A related concern that is apparent among global fund managers is whether or not the global market is headed for a correction. The general feel among the managers is divided between a bear market case and a bull market case going forward.
As independent financial advisors we diversify our client’s exposure across a number of managers with different investment approaches, in an attempt to expose them to different views and hopefully give them a smoother investment experience over the long term.
Another worrying aspect of global markets is the fact that global bonds are expensive, as illustrated in the chart below from Orbis, which shows that they have historically been cheaper 96% of the time.
At the recent 2017 BCI Global Investment Conference, Hywel George, director of investments at the Old Mutual Group, said that he could make a bull market case or a bear market case for global equities depending on how you look it. The slide below was used to motivate his case for a potential bull market:
Despite the low GDP experienced in South Africa of late, world growth is steady and global monetary policy appears to be very expansionary.
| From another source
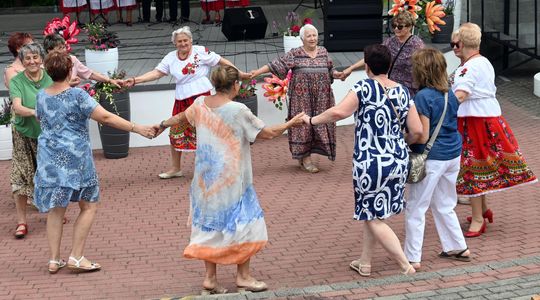 III Powiatowy Festiwal Piosenki Biesiadnej i Święto Rodzin Zastępczych w Nowinach cz. II [GALERIA ZDJĘĆ]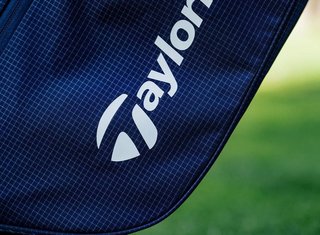TaylorMade FlexTech Super Lite stand bag, čierny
But, if global markets were to have a correction, how would we as financial advisors be able to assist our clients in not making the common mistakes that lose investors’ money?
As humans we are wired to maximise pleasure and minimise pain. When you apply this to a market cycle, you get the roller coaster of investor emotion as represented above.
Arguably the best time to put money into the market is when it has fallen in value. If you have already been in the market you simply need to ride it out. One of the famous Warren Buffet quotes is “investing is simple but it’s not easy”. He is referring to the fact that emotions get in the way of rational investment decisions. This behaviour is the main cause of investors not achieving the returns available from markets.
The following graph shows investments into and out of the Allan Gray Stable Fund relative to its performance.
The chart clearly shows that investment flows into and out of the fund are closely matched to the performance of the fund.
It is a clear indication of investors chasing returns rather than riding out the cycles and results in the difference between the performance of the investment and the actual return that the investor experiences – called ‘the behaviour gap’.
The above slide shows the impact of the financial crisis in the equity market. The light blue line indicates an investor who stayed invested and rode the cycle out. The dark blue line is an example of an investor who removed their money from the market at the bottom of the correction, invested it in cash and only reinvested the money a year later. The green line indicates an investor who fled to cash and never re-entered the market. This is a clear indication of the behaviour gap and the way that we are wired to maximise pleasure and minimise pain.
The last line of defence that an investor has is their financial advisor who must become a behavioural coach when markets become volatile. As financial advisors who have been under pressure lately, from clients wanting returns in a flat local market while the rand strengthens and thus reduces a lot of the returns from offshore exposure, we need to remind ourselves to stick to our investment decisions and not to chase investment returns whilst under pressure from clients, as we can inadvertently disadvantage them by making changes to their portfolio.
One can only hope that the local market starts to see a recovery in the near future while the global market continues to rally and managers look for new opportunities in depressed markets, such as emerging markets. Advisors must be cognizant of Warren Buffet’s advice: “Only when you combine sound intellect with emotional discipline do you get rational behaviour.”